Task directions. Please retype the records below exactly as they appear, leaving out every picture.
━━ Dataset
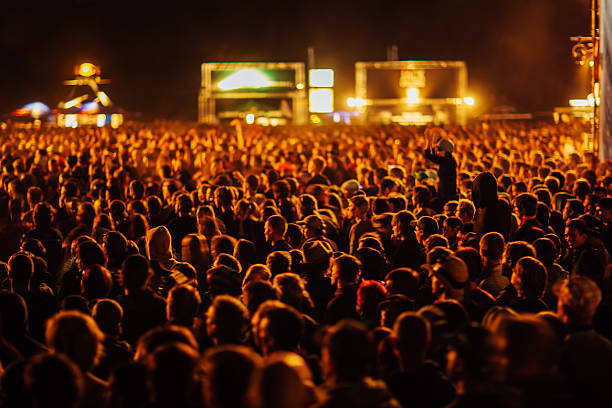 aclamar concert crowd - popular music concert stadium rock and roll crowd fotografías e imágenes de stock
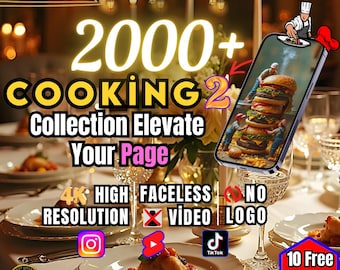 2000+| Faceless | Cooking Videos | Miniature Cooks | Editable Viral Reels for Instagram, TikTok, and YouTube Shorts | Instant Delivery |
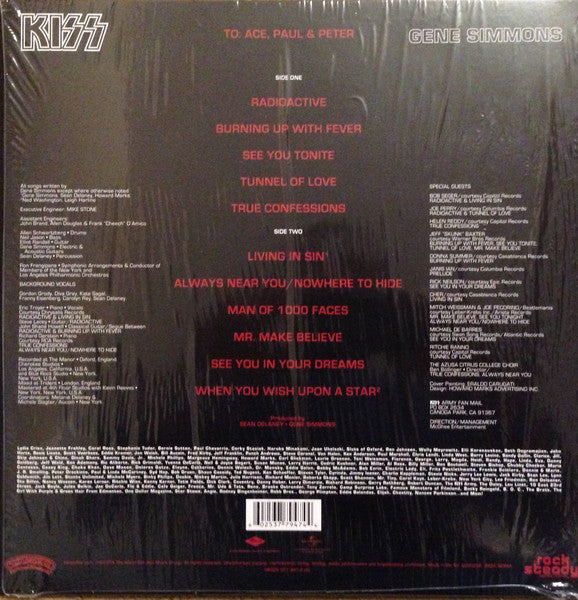 Kiss, Gene Simmons : Gene Simmons (LP, Album, Ltd, RE, RM, 180)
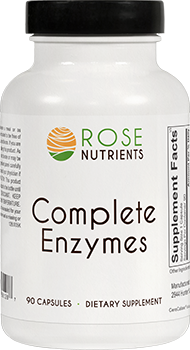 Complete Enzymes - 90 caps Rose Nutrients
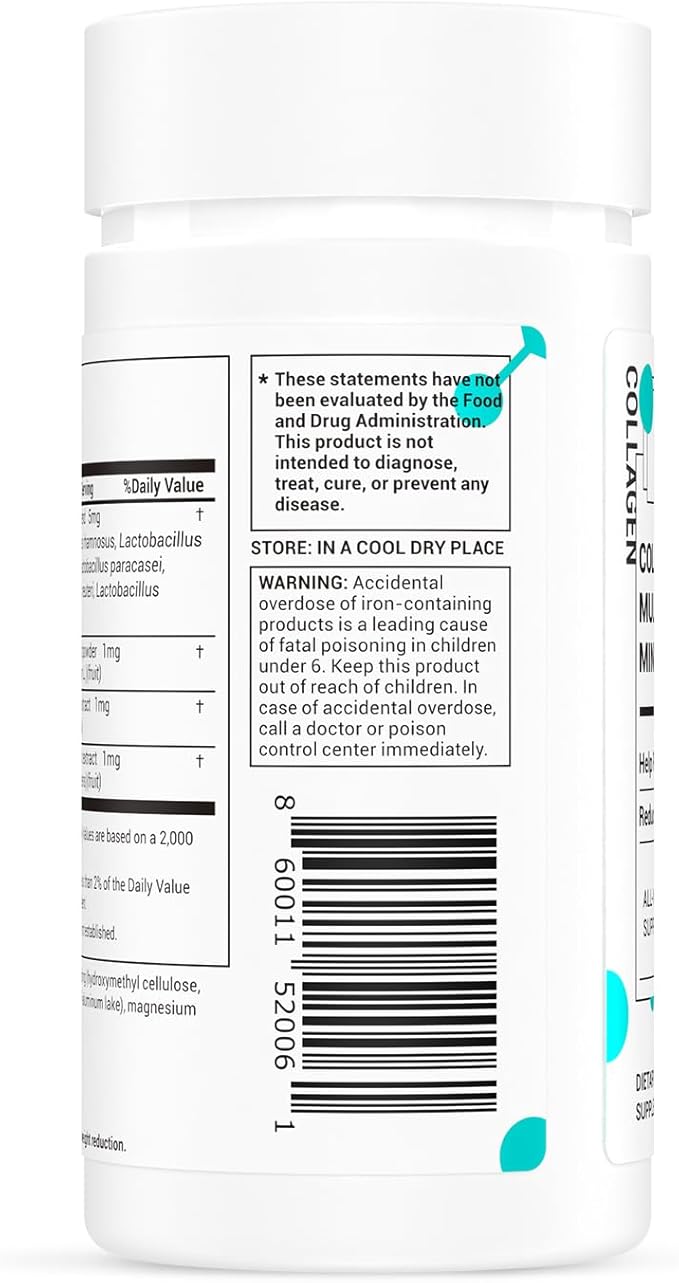 DrBioCare Collagen Peptides for Women Beauty Vitamin &amp Mineral SupplementContains Vitamin D3 Probiotics for Women &amp Collagen PeptidesVitamin B ComplexVitamin E 60 Tablets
━━━━
Solved exercise.
 aclamar concert crowd - popular music concert stadium rock and roll crowd fotografías e imágenes de stock
 2000+| Faceless | Cooking Videos | Miniature Cooks | Editable Viral Reels for Instagram, TikTok, and YouTube Shorts | Instant Delivery |
 Kiss, Gene Simmons : Gene Simmons (LP, Album, Ltd, RE, RM, 180)
 Complete Enzymes - 90 caps Rose Nutrients
 DrBioCare Collagen Peptides for Women Beauty Vitamin &amp Mineral SupplementContains Vitamin D3 Probiotics for Women &amp Collagen PeptidesVitamin B ComplexVitamin E 60 Tablets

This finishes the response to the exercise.